Questo ispira un sentimento di fratellanza col giardino, acuisce la sensazione di farne parte. Altrettanto indifesa, altrettanto mortale. Meno sola, in un certo senso.
Altrettanto sola?
Se all’inizio mi prendevo cura del giardino, compiendo in piena autosufficienza tutti i lavori, adesso debbo prendermi cura di me stessa.

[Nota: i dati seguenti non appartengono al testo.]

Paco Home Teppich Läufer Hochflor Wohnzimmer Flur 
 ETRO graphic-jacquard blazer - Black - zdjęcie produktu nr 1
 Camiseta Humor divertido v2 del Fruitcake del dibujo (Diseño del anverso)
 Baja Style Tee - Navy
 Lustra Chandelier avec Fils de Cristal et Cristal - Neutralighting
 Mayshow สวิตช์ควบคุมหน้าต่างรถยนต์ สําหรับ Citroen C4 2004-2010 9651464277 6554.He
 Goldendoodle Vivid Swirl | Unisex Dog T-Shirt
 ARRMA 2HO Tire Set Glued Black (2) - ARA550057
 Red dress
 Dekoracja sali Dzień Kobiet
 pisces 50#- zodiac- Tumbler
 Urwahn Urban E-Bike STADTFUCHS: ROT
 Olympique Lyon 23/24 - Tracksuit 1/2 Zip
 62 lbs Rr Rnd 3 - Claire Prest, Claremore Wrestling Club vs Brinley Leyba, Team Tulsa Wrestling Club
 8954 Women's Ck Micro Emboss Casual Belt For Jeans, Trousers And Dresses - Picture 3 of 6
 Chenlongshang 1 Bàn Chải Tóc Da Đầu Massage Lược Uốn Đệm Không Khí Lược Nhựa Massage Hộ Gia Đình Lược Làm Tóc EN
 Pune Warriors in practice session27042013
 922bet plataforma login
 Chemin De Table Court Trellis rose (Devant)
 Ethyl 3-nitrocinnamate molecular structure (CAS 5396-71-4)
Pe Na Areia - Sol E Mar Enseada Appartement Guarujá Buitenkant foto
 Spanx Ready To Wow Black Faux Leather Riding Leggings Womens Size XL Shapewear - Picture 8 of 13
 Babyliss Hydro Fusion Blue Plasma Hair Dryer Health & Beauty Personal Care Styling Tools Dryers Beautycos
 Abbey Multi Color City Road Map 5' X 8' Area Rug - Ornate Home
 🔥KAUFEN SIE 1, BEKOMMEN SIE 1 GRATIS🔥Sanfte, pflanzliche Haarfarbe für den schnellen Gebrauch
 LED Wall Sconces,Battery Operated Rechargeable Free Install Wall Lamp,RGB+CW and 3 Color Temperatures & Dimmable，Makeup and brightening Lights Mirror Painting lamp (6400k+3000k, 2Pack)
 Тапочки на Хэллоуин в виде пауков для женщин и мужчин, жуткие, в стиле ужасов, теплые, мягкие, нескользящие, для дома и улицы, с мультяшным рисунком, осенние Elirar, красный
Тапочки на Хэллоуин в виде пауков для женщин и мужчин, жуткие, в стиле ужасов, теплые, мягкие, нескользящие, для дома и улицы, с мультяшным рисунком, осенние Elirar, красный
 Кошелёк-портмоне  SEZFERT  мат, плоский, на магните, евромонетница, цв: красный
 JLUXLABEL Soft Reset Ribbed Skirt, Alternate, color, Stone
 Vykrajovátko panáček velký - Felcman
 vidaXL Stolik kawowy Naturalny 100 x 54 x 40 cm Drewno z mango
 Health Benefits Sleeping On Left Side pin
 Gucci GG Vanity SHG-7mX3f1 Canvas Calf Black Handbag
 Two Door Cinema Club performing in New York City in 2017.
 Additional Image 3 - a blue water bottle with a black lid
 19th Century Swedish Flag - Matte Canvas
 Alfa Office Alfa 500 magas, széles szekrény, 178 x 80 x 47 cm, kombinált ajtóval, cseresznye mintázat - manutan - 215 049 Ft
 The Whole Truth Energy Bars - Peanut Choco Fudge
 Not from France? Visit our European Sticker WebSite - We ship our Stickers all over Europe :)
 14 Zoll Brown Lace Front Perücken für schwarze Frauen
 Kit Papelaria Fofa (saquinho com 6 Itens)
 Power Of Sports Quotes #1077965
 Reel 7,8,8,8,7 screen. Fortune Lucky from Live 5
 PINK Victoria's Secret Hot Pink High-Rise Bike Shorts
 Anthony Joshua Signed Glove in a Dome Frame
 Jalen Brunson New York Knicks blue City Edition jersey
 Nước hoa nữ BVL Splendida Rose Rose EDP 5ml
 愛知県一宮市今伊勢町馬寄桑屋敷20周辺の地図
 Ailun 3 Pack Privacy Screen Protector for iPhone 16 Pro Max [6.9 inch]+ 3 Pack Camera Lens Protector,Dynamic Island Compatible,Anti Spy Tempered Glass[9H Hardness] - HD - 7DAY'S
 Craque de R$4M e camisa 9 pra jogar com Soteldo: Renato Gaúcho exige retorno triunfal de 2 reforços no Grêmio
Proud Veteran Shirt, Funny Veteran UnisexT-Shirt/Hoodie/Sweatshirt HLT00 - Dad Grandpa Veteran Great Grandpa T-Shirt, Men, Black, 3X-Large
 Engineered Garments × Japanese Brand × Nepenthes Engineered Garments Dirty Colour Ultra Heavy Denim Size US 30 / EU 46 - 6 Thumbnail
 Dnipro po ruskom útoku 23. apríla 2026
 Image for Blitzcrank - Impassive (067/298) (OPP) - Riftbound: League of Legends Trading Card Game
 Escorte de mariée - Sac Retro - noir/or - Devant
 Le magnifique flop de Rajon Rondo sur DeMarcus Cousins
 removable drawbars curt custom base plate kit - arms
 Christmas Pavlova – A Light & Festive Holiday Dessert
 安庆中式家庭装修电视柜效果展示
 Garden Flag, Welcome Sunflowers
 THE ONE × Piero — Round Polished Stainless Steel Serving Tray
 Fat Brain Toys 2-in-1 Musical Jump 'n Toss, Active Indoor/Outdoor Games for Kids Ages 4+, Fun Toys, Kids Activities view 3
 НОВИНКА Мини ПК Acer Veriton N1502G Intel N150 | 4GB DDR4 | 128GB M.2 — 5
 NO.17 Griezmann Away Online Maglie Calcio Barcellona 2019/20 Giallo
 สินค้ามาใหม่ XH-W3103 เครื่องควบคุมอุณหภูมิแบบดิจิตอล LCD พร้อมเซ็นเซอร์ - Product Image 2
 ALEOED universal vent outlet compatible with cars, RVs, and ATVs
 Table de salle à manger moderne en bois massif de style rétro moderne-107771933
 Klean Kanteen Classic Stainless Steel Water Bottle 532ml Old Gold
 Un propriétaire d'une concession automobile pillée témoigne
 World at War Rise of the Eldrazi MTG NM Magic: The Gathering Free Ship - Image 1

Il tempo prima impiegato potando, scavando buche, bruciando frasche, zappando, falciando l’erba, adesso mi viene rubato dalle cure necessarie a mantenere me stessa in vita. Quasi fossi diventata io il giardino. A lavorare chiamo i giardinieri. Mi aggiro col bastone e indico il da farsi, con la sensazione di essere diventata simile alla vecchia principessa Greta Sturdza, come si vede in una delle foto del libro sulla sua tenuta normanna del Vasterival.
Non sono più la stessa persona. Alla diversa andatura, alla lentezza nel camminare, la circospezione con cui procedo di passo in passo, la cautela con cui considero se valga davvero la pena di muoversi o no, corrisponde una percezione nuova del mondo. Credo che adesso non proverei più lo stesso stupore misto a diffidenza di fronte alle opere di un’artista scandinava che, anni fa, venne a trovarmi nel mio podere.
Mentre passeggiavamo, non faceva che chinarsi per raccattare frutti rinsecchiti, foglie appassite, baccelli anneriti dalle intemperie. Bah! avevo pensato tra me, al giorno d’oggi qualsiasi gesto passa per arte.
L’avevo lasciata fare, per nulla convinta in cuor mio della qualità o anche solo del senso del suo lavoro.
E del tutto indifferente alle sue «ruberie»; dopotutto, quello che raccattava era spazzatura: frutti marci, fiori sfatti, qualsiasi cosa non avesse più corso, uso di mondo.
C’è voluto tempo per cominciare a capire.
Non immaginavo tuttavia che, ben presto, mi sarei percepita anch’io come quelle povere cose raccattate, al punto d’incontro tra due energie: conservazione e distruzione.
Organismi in decadenza, in bilico tra essere e non essere. Chissà che un momento prima di venir meno non si manifestino, con intensità forse acuita, se non vera e propria bellezza, un pathos, un’espressività insospettati.
Quasi che, rendendo l’anima a Dio, le cose sprigionassero, per un attimo e quell’attimo soltanto, una qualità che passa inosservata quando il corpo, godendo perfetta salute, è troppo turgido, troppo opaco, troppo spesso. Troppo materiale.
Adesso che mi sento come uno di quegli scarti, provo una serenità diversa, una serenità per la prima volta vera e profonda.
Sprigiona adesso che il corpo ha perso un poco del suo spessore.
La leggerezza interiore nasce forse dal sentirmi libera dalla zavorra terribile del futuro, indifferente al cruccio del passato. Immersa nell’attimo presente, come prima mai era accaduto, faccio finalmente parte del giardino, di quel mondo fluttuante di trasformazioni continue.